Short web captions:
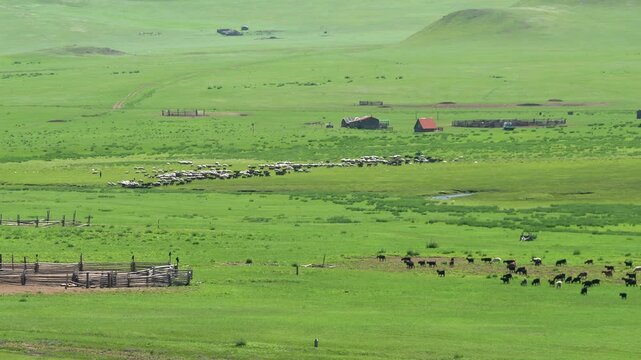 Wooden livestock corrals and fenced animal herds cover broad Siberian pastureland terrain.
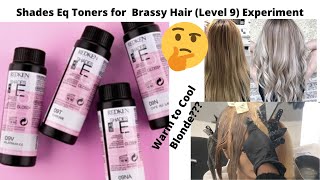 Shades Eq Toners for Brassy Hair Level 9 Experiment [upl. by Aleece509]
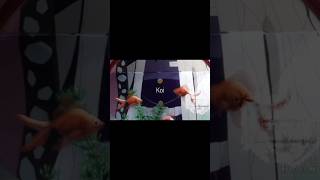 waterbugik It Gonna Flop Hard But Idcaoikoi Daidaiiro No Hi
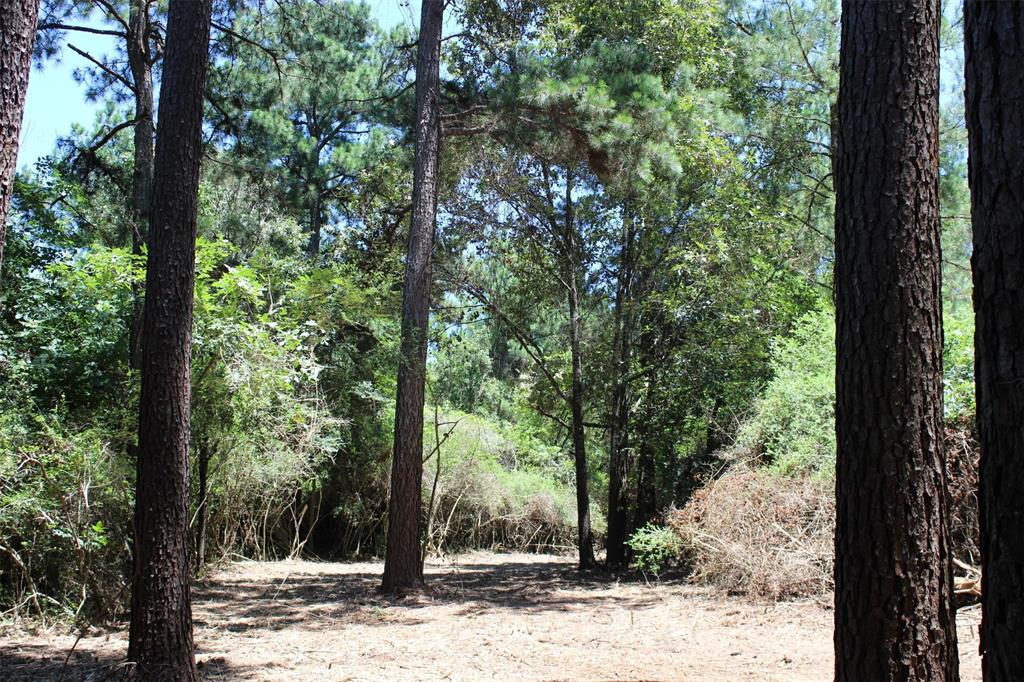 9417 County Road 114, Centerville, Texas image 9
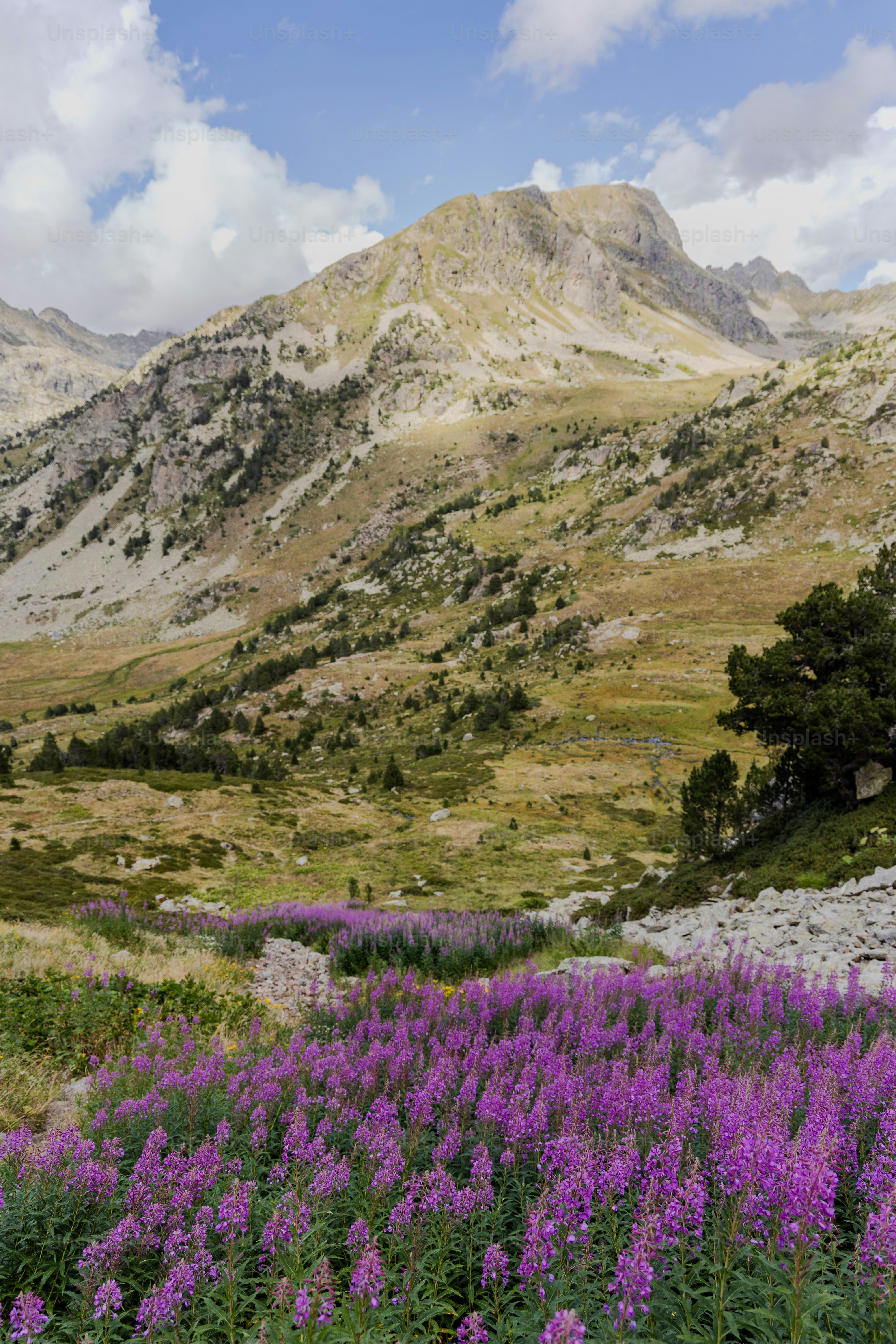 Rosebay willowherb, Chamaenerion pink flowers growing in the Pyrenees mountains, Vall d'Incles, Andorra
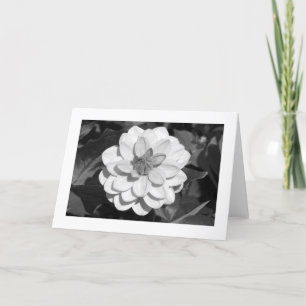 Cartão Dahlia 'David Howard' (delimitado) B&W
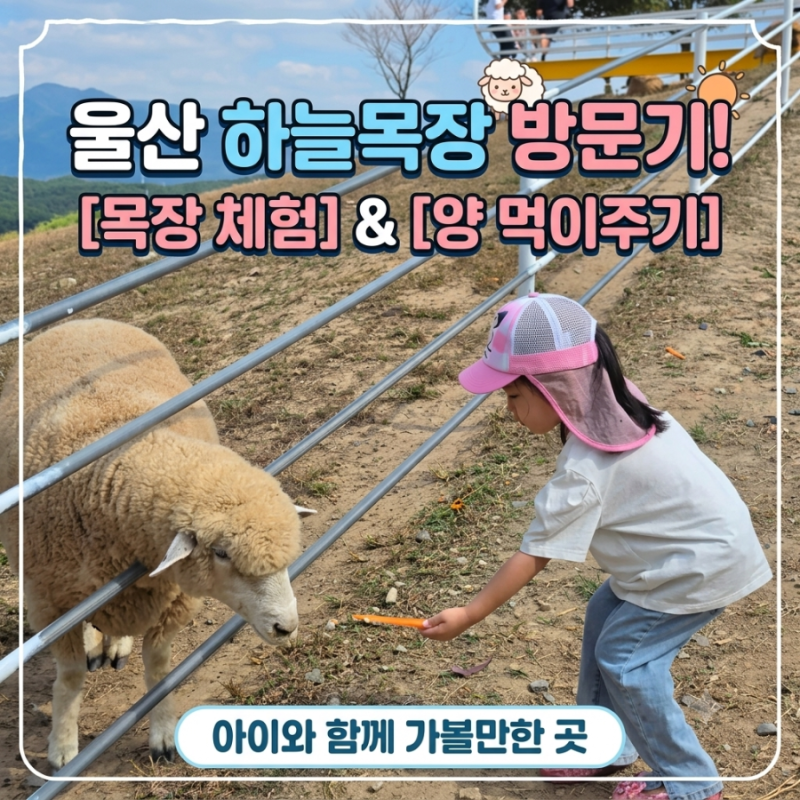 [아이랑 주말에 뭐하지?] 부산에서 가까운 울산 하늘목장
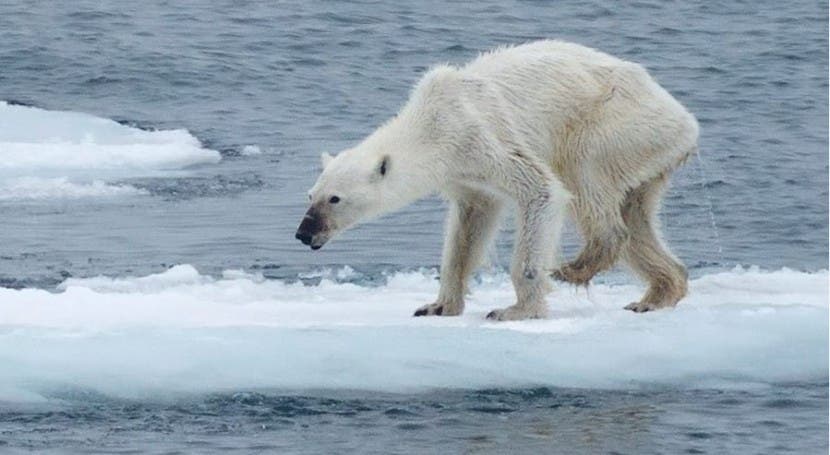 Cuatro indicadores clave cambio climático baten récords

• _ASSIGNMENT_:
Reproduce nothing but the lines that run from the line containing "[아이랑 주말에 뭐하지?] 부산에서 가까운 울산 하늘목장" through the last line of the records, inclusive. Omit the pictures.

• _YOUR SOLUTION_:
 [아이랑 주말에 뭐하지?] 부산에서 가까운 울산 하늘목장
 Cuatro indicadores clave cambio climático baten récords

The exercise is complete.